Studio album by Be'lakor
- Released: 1 June 2012
- Recorded: Pennydrop Audio, Melbourne, December 2011 – February 2012
- Genre: Melodic death metal
- Length: 56:18
- Label: Kolony Records
- Producer: Be'lakor

Be'lakor chronology
| Stone's Reach (2009) | Of Breath and Bone (2012) | Vessels (2016) |

= Of Breath and Bone =

Of Breath and Bone is the third studio album by Australian melodic death metal band, Be'lakor.
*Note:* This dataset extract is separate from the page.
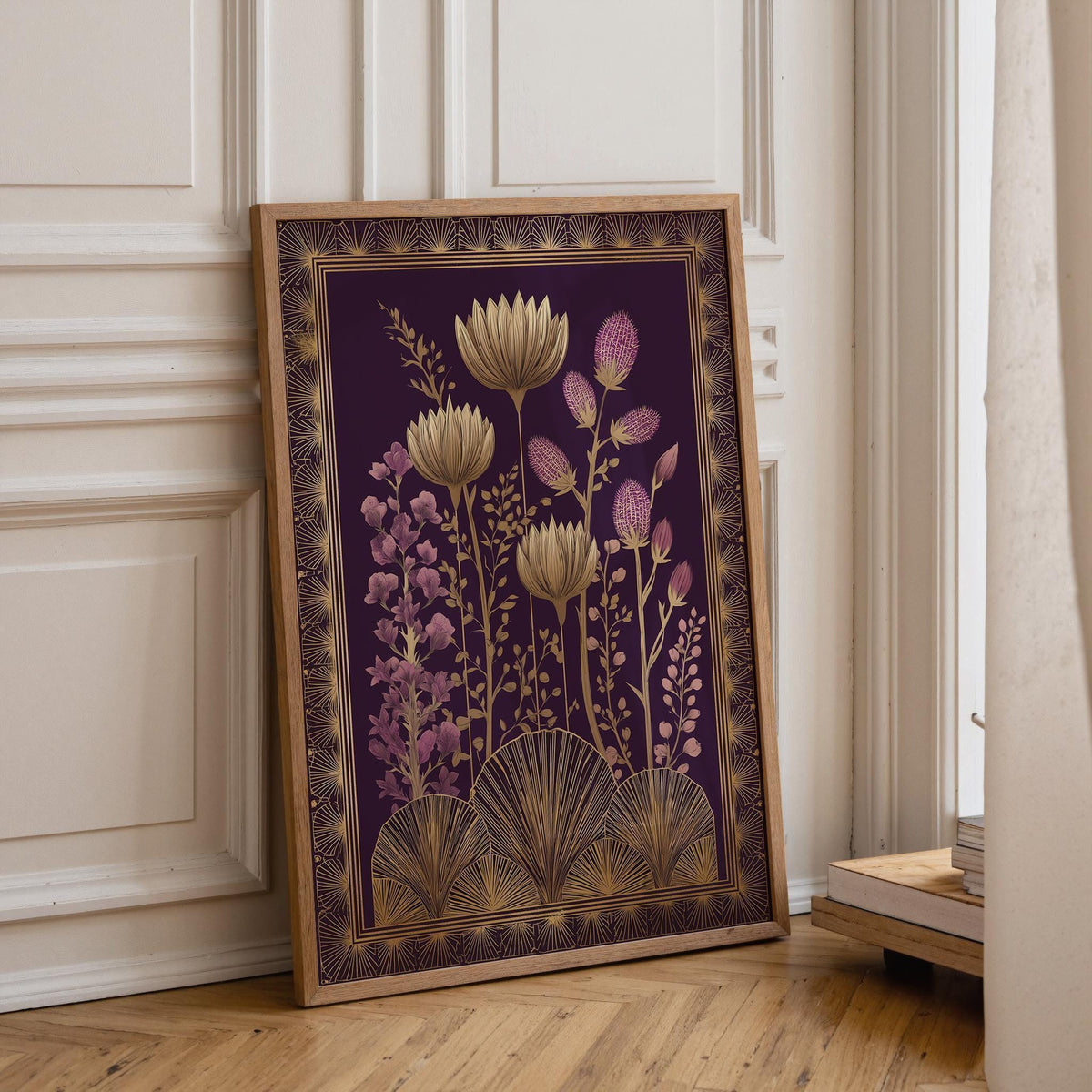 Dark Academia Gold Floral Art Deco Botanical Flower Wall Art by The Wall Art Studio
It was released on 1 June 2012. In the 2012 metalstorm.net awards, Of Breath and Bone won “Best Melodeth/Extreme Power/Gothenburg” album.

Professional ratings
Review scores
| Source | Rating |
| About.com |  |
| Angry Metal Guy |  |
| Metal Hammer |  |
| Metal Storm |  |
| Sputnik Music |  |

==Track listing==

| No. | Title | Length |
|---|---|---|
| 1. | "Abeyance" | 8:04 |
| 2. | "Remnants" | 6:14 |
| 3. | "Fraught" | 6:46 |
| 4. | "Absit Omen" | 6:06 |
| 5. | "To Stir the Sea" | 1:29 |
| 6. | "In Parting" | 9:21 |
| 7. | "The Dream and the Waking" | 9:17 |
| 8. | "By Moon and Star" | 8:58 |
| Total length: |  | 56:18 |

==Cover art==
The cover art is a copy of Gabriel Ferrier's Chaperon Rouge painting.